Havia sempre um sorriso no rosto, cuja função principal era
encobrir os efeitos das adversidades. Desde moça jovem,
trabalhou e construiu aos poucos o que hoje possui.
D. Feitora, como era conhecida, pelo sobrenome,
habitava uma casa simples, de cinco pequenos cômodos. “É o
suficiente!”, nas palavras dela. Nem pouco, posto que acolhia
tudo aquilo de que ela precisava, nem muito, uma vez que não
sobrava espaço inútil. A casa da rua Canhota, nº 27, tornou-se
conhecida e bastante procurada. Os visitantes chegavam ao
estreito portão de ferro e pressionavam o interfone, ansiosos,
sem reparar no aviso que ficava logo acima de um quinto da
metade do mesmo.

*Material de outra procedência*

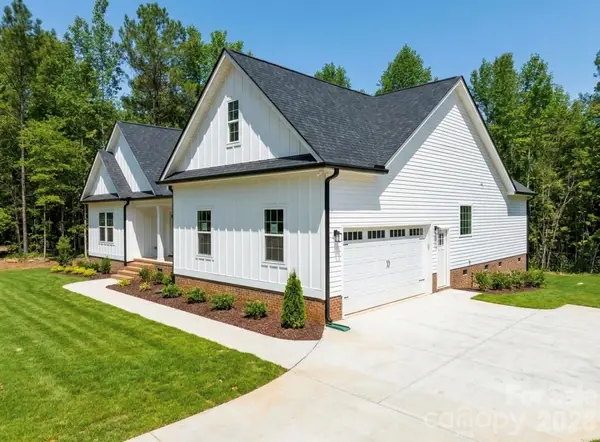 3951 Ernandez RD, Richburg, SC 29729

O informe constava de uma advertência:
ocupado. Quando o placar estava assim assinalado, o visitante
tinha a opção de aguardar ou voltar depois. E a frente da casa,
desse modo, nunca ficava vazia.
A senhora da qual falamos neste instante não aparentava
a idade que tinha. No último aniversário, comemorou 63 anos.
Sim, estimado(a) leitor(a), havia marcas, não só em seu rosto,
mas também no corpo, da chegada da velhice. Entretanto, podes
crer ou não, a impressão, assim como esta pequena observação,
são minhas, o vai-e-vem do sorriso parecia funcionar como
alongamento facial. E, nesta ginástica, seu semblante foi
favorecido, do mesmo modo que a pele, cuja palidez parece ter
sido conseguida pelo uso constante de protetor solar. Era
franzina; parecia uma fina escultura de vidro. Difícil até para
abraçar.
Mas seus dotes físicos se escondiam em suas atitudes:
gostava de cuidar de si e dos outros. Dos outros quando era
solicitada. E foi dessa maneira que descobriu um singular dom:
podia se comunicar com feijões em busca de soluções para
diversas situações. A quem não agradou a leitura desta última
frase, peço perdão. Prossigamos. Lídia Feitora convidara uma
amiga para almoçar em sua casa.
Marlene estava em grande aflição: engravidara não sabia
de quem, aos dezoito anos recentemente completados, no início
da carreira profissional, registrada há apenas um mês e meio.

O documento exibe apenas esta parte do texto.